Sunday, August 20, 2017

Penentuan Tanggal dan venue Pernikahan

Setelah persiapan sebelum persiapan pernikahan, waktunya memulai persiapan yang sesungguhnya.
Jeng jengggg!
Tentu sebelum memulai hunting vendor, kita harus sudah punya bayangan mengenai waktu acara dong. Yakalik datang ke vendor kemudian ditanya 'buat kapan?', cuma bisa jawab 'eh anu nggg...'
Maka...tentukan waktunya dulu, baik untuk akad/pemberkatan maupun resepsi.

Tidak harus sudah spesifik tanggal kok. Tapi coba tentukan kisaran bulan dan hari yang diinginkan, dengan pertimbangan sebagai berikut :
- apakah harus di 'bulan besar'?
- kira-kira perlu persiapan berapa bulan sebelum hari H?
- apakah harus di tanggal-tanggal tertentu sesuai perhitungan adat?
- lebih baik di hari apa? mungkin jumat/sabtu.minggu?
Jangan lupa dibicarakan dengan keluarga kedua pihak yah.

Pengalaman saya dan pasangan, awalnya kami memutuskan untuk menikah sebelum bulan ulang tahun kami. Simpel sekali kan?😝
Setelah dibicarakan dengan keluarga kedua pihak, akhirnya disepakati bahwa :
- menghindari bulan Suro (yes, we both are javanese )
- Baik akad maupun resepsi di hari Sabtu/Minggu, supaya keluarga jauh bisa hadir
- Akad dan resepsi pisah hari, supaya tidak terlalu capek
- hari yang terpilih adalah hari baik menurut penanggalan Jawa, namun tidak menggunakan perhitungan weton dll
- akad nikah di rumah saya (supaya lebih sakral), sedangkan resepsi di lokasi lain
- persiapan adalah sekitar 6 bulan setelah penentuan tanggal

Setelah itu, kita bisa mulai mencari venue sesuai dengan keputusan yang diambil. Sebaiknya siapkan waktu maksimal 2 minggu mulai hunting sampai dengan booking. Dan, siapkan beberapa opsi hari/tanggal untuk menyesuaikan dengan jadwal di venue.
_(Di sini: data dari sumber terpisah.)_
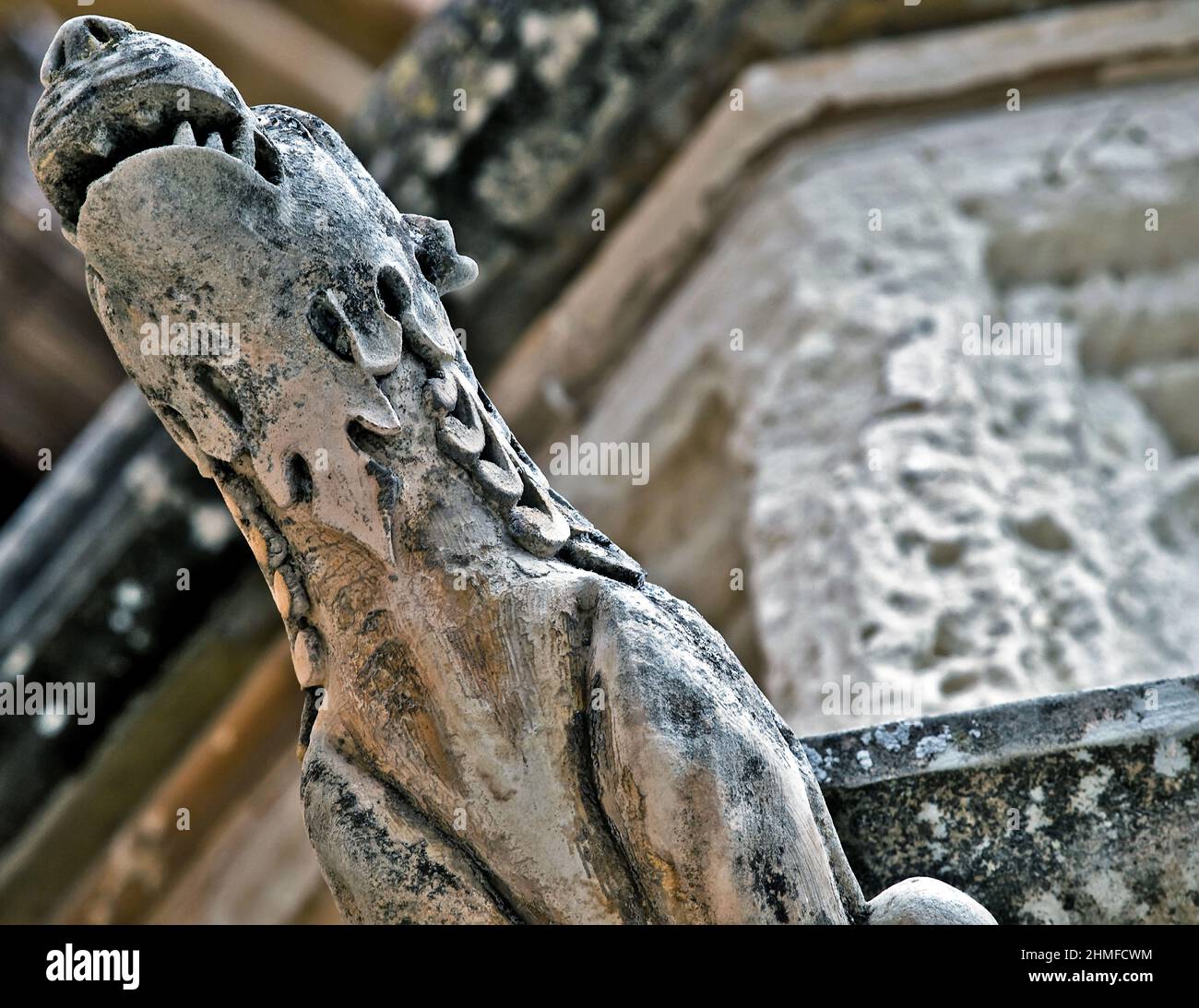 Gargoyle gotico a Mdina, Malta Foto Stock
Untuk venue sendiri, sebelum hunting secara langsung, ada baiknya mulai mencari informasi, antara lain tentang :
- lokasi. Apakah mudah dijangkau tamu dan keluarga?
- fasilitas. Kondisi parkir bagaimana? Apakah venue menyediakan katering sendiri?
- kapasitas. Berkaitan dengan jumlah undangan
- interior & eksterior  venue.

Dengan demikian, lokasi-lokasi yang tidak memenuhi kebutuhan di atas tidak perlu disurvei secara langsung. Efektif, bo. Cukup datangi venue yang potensial untuk mendapat informasi yang detail.
Sebaiknya, saat survei jangan langsung main booking yah. Soalnya bisa jadi pilihan hanya karena terbawa emosi/suasana. Bukan melalui pertimbangan matang.
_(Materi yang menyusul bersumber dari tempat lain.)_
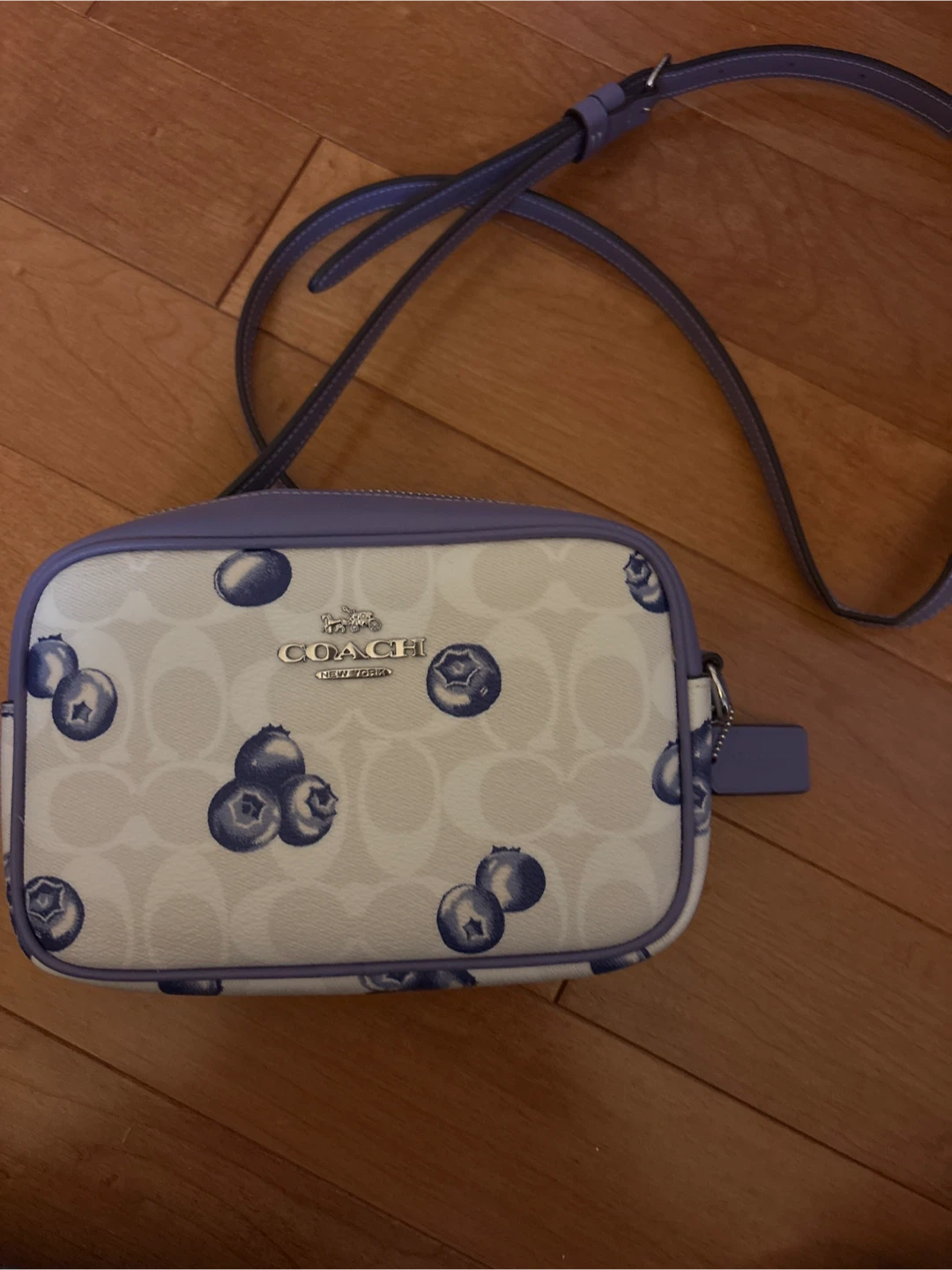 Coach Blueberry Print Crossbody Bag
Di sela-sela hunting venue, disarankan mulai hunting vendor yang ingin digunakan. Berhubung sekarang era internet dan social media, maka sangat mudah mencari informasi tanpa harus mendatangi lokasi vendor yang bersangkutan (cek IG kami kakaaaaak...). Jika masih ingin tahu kualitas vendor incaran, bisa googling testimoni pengguna jasa tersebut. Kemudian, bisa menghubungi vendor yang bersangkutan via telepon / Line / WA untuk meminta price list.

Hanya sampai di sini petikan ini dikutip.